Savalli N*, Pantazis A, Sigg D, Weiss JN, Neely A, Olcese R. The α2δ-1 subunit remodels CaV1.2 voltage sensors and allows Ca2+ influx at physiological membrane potentials. J Gen Physiol. 2016;148(2):147-59 PMCID: PMC4969795. (Recommended by "Faculty of 1000 Prime", *Awarded 2017 Cranefield Award for this work)
Voltage-activated ion channels, are largely responsible for cell electrical excitability. They “sense” the electric potential across the plasmamembrane using specialized Voltage Sensing Domains that compel the pore to open it. By optically tracking the movement of a human calcium channel using a technique called Voltage Clamp fluorometry, the Olcese laboratory revealed the mechanism by which one accessory proteins (called a2d-1) increases the sensitivity of the channel to membrane depolarizations, thus allowing the channel to operate at physiological potentials. This work has been highlighted by a Commentary in the same issue of the Journal of General Physiology, and by Dr. A. C. Dolphin who recommended the work as being of special significance in the Faculty of 1000 Prime.
Pantazis A, Olcese R. Biophysics of BK Channel Gating. Int Rev Neurobiol. 2016; 128:1-49 PMID: 27238260.
BK channels are a central focus of the Olcese laboratory. They are universal regulators of cell excitability, given their exceptional unitary conductance selective for K+, joint activation mechanism by membrane depolarization and intracellular [Ca2+] elevation, and broad expression pattern. In this chapter, we discuss the structural basis and operational principles of their activation, or gating, by membrane potential and calcium. We also discuss how the two activation mechanisms interact to culminate in channel opening. As members of the voltage-gated potassium channel superfamily, BK channels are discussed in the context of archetypal family members, in terms of similarities that help us understand their function, but also seminal structural and biophysical differences that confer unique functional properties.

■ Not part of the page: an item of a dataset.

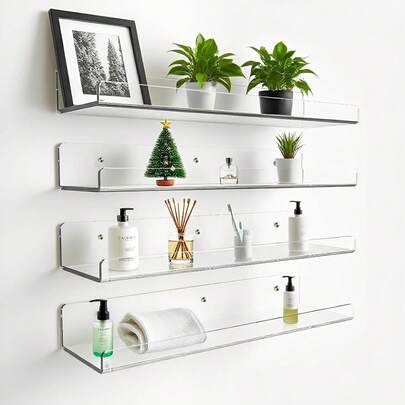 2个亚克力悬浮置物架 - 壁挂式储物架，浴室收纳架，儿童悬浮书架，适用于浴室、卧室或厨房 - 安装简便，可使用粘合剂（无需钻孔）或螺丝（需要钻孔）固定 - 现代置物架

Karagueuzian HS, Pezhouman A, Angelini M, Olcese R. Enhanced Late Na and Ca Currents as Effective Antiarrhythmic Drug Targets. Front Pharmacol. 2017; 6;8:36. PMCID: PMC5292429.
Pathological rise of either or both of INa-Land late ICa,Lare demonstrated to promote cellular early afterdepolarizations (EADs) and EAD-mediated triggered activity that can initiate VT/VF in remodeled hearts. The selective inhibition of the INa-L without affecting peak with the highly specific prototype drug GS-967 suppresses EAD-mediated VT/VFs. As in the case of INa-L, selective inhibition of the late ICa,Lwithout affecting its peak with the prototype drug, roscovitine suppressed oxidative EAD-mediated VT/VF. These findings indicate that specific blockers of the late inward currents without affecting their peaks (gating modifiers), offer a new and effective AAD class action i.e., "Class VI." The development of safe drugs with selective Class VI actions provides a rational and effective approach to treat VT/VF particularly in cardiac conditions associated with enhanced CaMKII activity such as heart failure.

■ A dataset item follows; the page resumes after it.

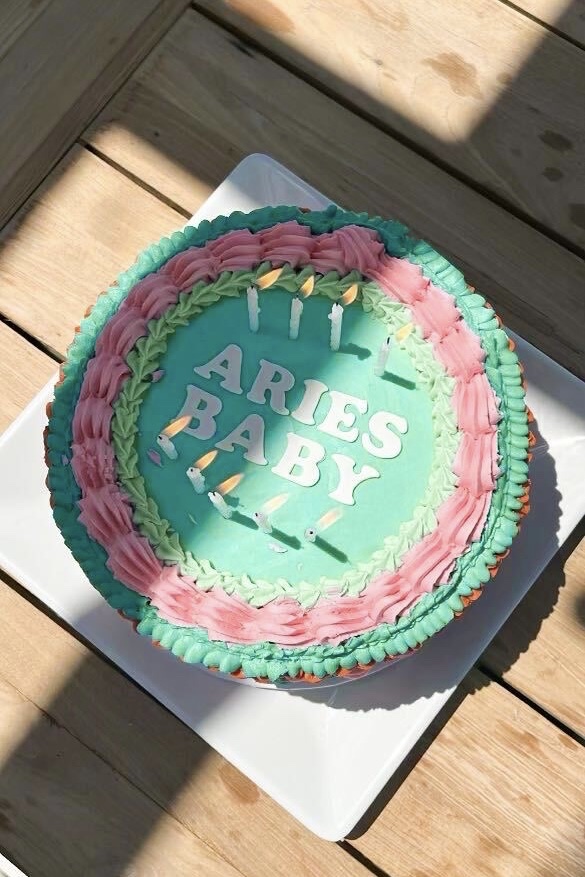 Kourtney Kardashian Barker&#8217;s Aries Baby blue birthday cake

Zhang J, Li M, Zhang Z, Zhu R, Olcese R, Stefani E, Toro L. The mitochondrial BK(Ca) channel cardiac interactome reveals BK(Ca) association with the mitochondrial import receptor subunit Tom22, and the adenine nucleotide translocator. Mitochondrion 2017; 33:84-101. PMCID: PMC5332438.

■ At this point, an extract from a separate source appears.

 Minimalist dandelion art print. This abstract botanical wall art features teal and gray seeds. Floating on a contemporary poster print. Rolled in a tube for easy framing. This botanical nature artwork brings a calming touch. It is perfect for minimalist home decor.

In this collaborative effort, a directed proteomic approach discovered the novel interaction of the large-conductance Ca- and voltage-activated BKCa channel with Tom22, a component of the mitochondrion outer membrane import system, and the adenine nucleotide translocator (ANT). The results from this work demonstrate provide a molecular framework to understand the intricacies of mitoBKCa mitochondrial import mechanism and function.